Both.  The photographer has excellent equipment, and knows how to pose and light his subjects.  

He is a bit heavy-handed in the post-processing however.  This is when it pays off to know how much is enough.


----------



## Braineack (Sep 15, 2017)

tirediron said:


> Great lighting.... HORRIBLE (IMO) skin processing.  I think there may also be some compositing going on there as well.


either that or a lot of backdrops.

looks like he's running these through Portraiture or alike--one-button click processing job on them.  heavy vignetting added as well.

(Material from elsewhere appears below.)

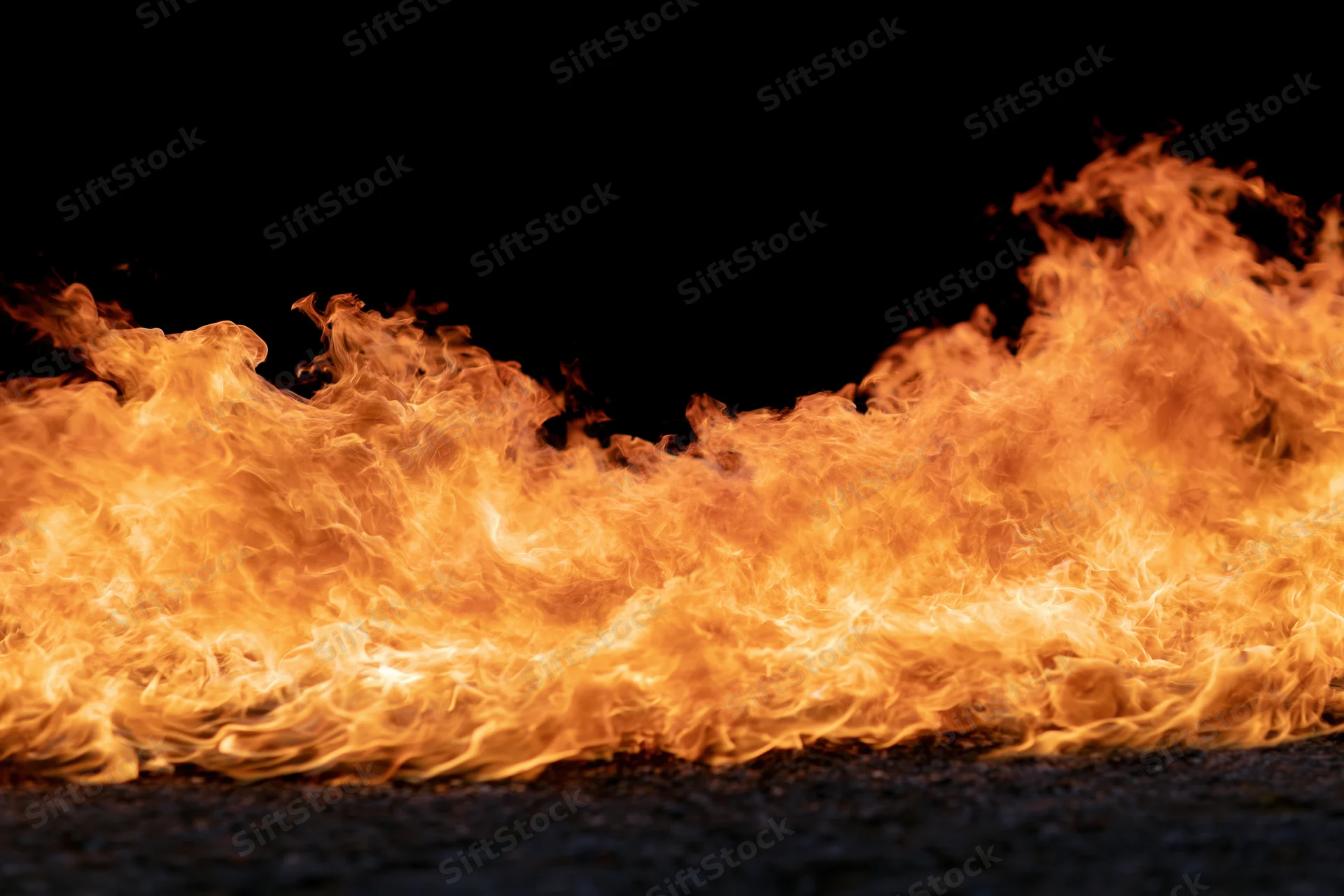Intense flames burning across dark asphalt surface against black background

it looks like he also asks his subject to "give me that serial killer stare"


----------



## smoke665 (Sep 15, 2017)

Regardless of the pros and cons of post processing,  I'd say he's probably giving his clients what they want. He's in "old money country", where horses and formality run hand in hand. Looks to me like he's killing it in his market. I found the Legacy Album to be a pretty slick marketing gimmick. Tie up pre-bookings for 2 years - pretty slick.


----------



## Braineack (Sep 15, 2017)

smoke665 said:


> Looks to me like he's killing it in his market.



pun intended?


----------



## smoke665 (Sep 15, 2017)

Braineack said:


> smoke665 said:
> 
> 
> > Looks to me like he's killing it in his market.
> ...



Maybe a double entendre.


----------



## photo1x1.com (Sep 15, 2017)

Lighting is pretty good. But I wouldn´t be suprised if he used two exposures for every face (especially for the smiles) - one for the smile and one for the eyes. The eyes look unnaturally open for the smiles. But many people don´t like to smile because they say it makes their eyes smaller. Probably his clients are like that and he makes good business. I for one like natural smiles or laughs with smaller eyes much more.


----------



## Evertking (Sep 15, 2017)

smoke665 said:


> Regardless of the pros and cons of post processing,  I'd say he's probably giving his clients what they want. He's in "old money country", where horses and formality run hand in hand. Looks to me like he's killing it in his market. I found the Legacy Album to be a pretty slick marketing gimmick. Tie up pre-bookings for 2 years - pretty slick.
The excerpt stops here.